Entre a documentação comprobatória, a
ANTPEN anexou relatório da própria Nuclemon, reconhecendo que, em 1987, um
grupo de 59 trabalhadores recebeu doses de radiação superiores ao limite permitido à população em geral. Além disso, nos registros da própria empresa,
entre 1973 e 1989, aparecem casos de trabalhadores que receberam doses anuais
muito acima do limite ocupacional permitido pelas normas legais.
A Justiça se
respaldou em relatórios sobre as consequências orgânicas provenientes da
manipulação de elementos químicos como urânio e tório, elaborados pelo Instituto
de Radioproteção e Dosimetria (IRD), da Comissão Nacional de Energia Nuclear
(CNEN).
DESCASO -
“Não se trata de um fato isolado de descaso e exposição da
população e o meio ambiente a riscos de contaminação radioativa”, frisou o
juiz. A própria Nuclemon, desde 1990, já vinha sendo objeto de acompanhamento
por parte da Delegacia Regional do Trabalho em São Paulo, a partir de denúncia
de seus próprios empregados e de entidades como o Sindicato dos Trabalhadores
na Industrias Químicas, sobre os riscos de contaminação radioativa.
A advogada
Érica Coutinho, que representa a ANTPEN, lembrou que antes da decisão do juiz
Vieira Araújo, apenas 60 associados, que integram uma outra ação, movida pelo
advogado Luis Carlos Moro, estavam assistidos pelo plano de saúde. Mas a
decisão do magistrado, agora ratificada pelo TRT, abrange todo o grupo.
MORTES
AO LONGO DO PROCESSO -
A advogada
lembrou que muitas vítimas da Nuclemon, atual INB, morreram ao longo do
processo, que ainda depende de uma sentença final, sobre a indenização pelos
danos causados durante os anos trabalhados.

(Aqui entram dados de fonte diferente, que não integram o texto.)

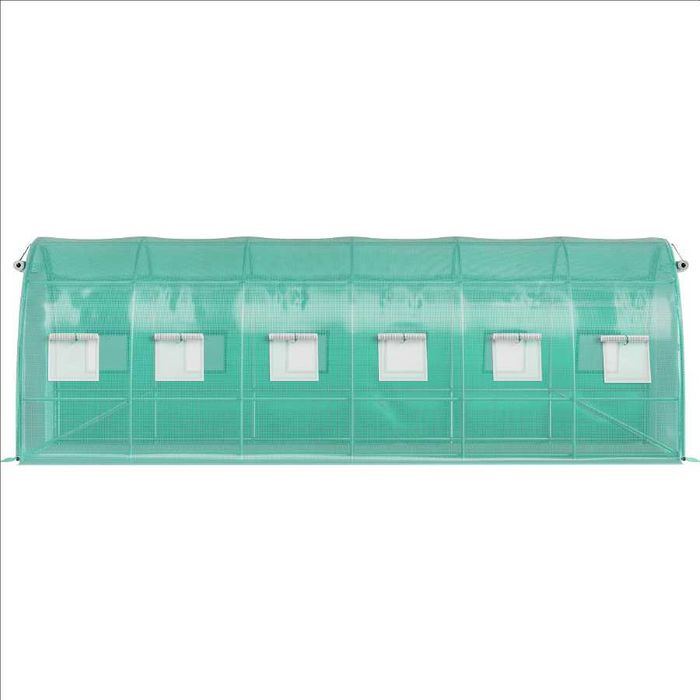 Solar de grădină 6x4x2.5m, polietilenă 240 g/m2, rezistentă la UV, țeavă 32 * 1.2mm
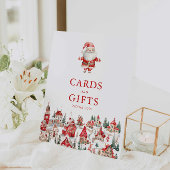 Weihnachtskarten und Weihnachtsgeschenke Sockelschild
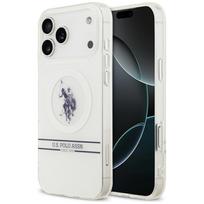 U.S. Polo Assn. US Polo DH Etui with Bottom Stripe Logo, MagSafe for iPhone 17 Pro Max, white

A Nuclemon funcionou no bairro
paulistano do Brooklin, entre as décadas de 40 e 90. Chegou a ter entre 500 a
700 empregados na planta, manuseando o material radioativo sem as mínimas
condições de segurança. Importante lembrar que a maioria, praticamente
analfabeta, era recrutada nas roças, sem nunca ter sido informada sobre os
dados causados pela radiação.
O trabalhado de alguns órgãos foi fundamental
para que o caso chegasse à opinião pública, como o extinto Ministério do
Trabalho, através da auditora fiscal do Trabalho, Fernanda Giannasi; a direção
do Sindicato dos Químicos de São Paulo; o Centro de Referência em Saúde do
Trabalhador (CEREST) de Santo Amaro e o Ministério Público Estadual.
Eles
realizaram várias inspeções e comprovaram contaminação na Usina de Santo Amaro
(USAM) e na de Interlagos (USIN), para onde o material radioativo era também
transportado e armazenado. As inspeções identificaram mais de 150 trabalhadores
doentes. A médica Maria Vera Cruz de Oliveira Castellano, diretora do CEREST,
atuou na identificação dos trabalhadores contaminados e permanece realizando o acompanhamento
das vítimas até hoje.
Parabéns ao magistrado e parabéns pra vocé pela matéria.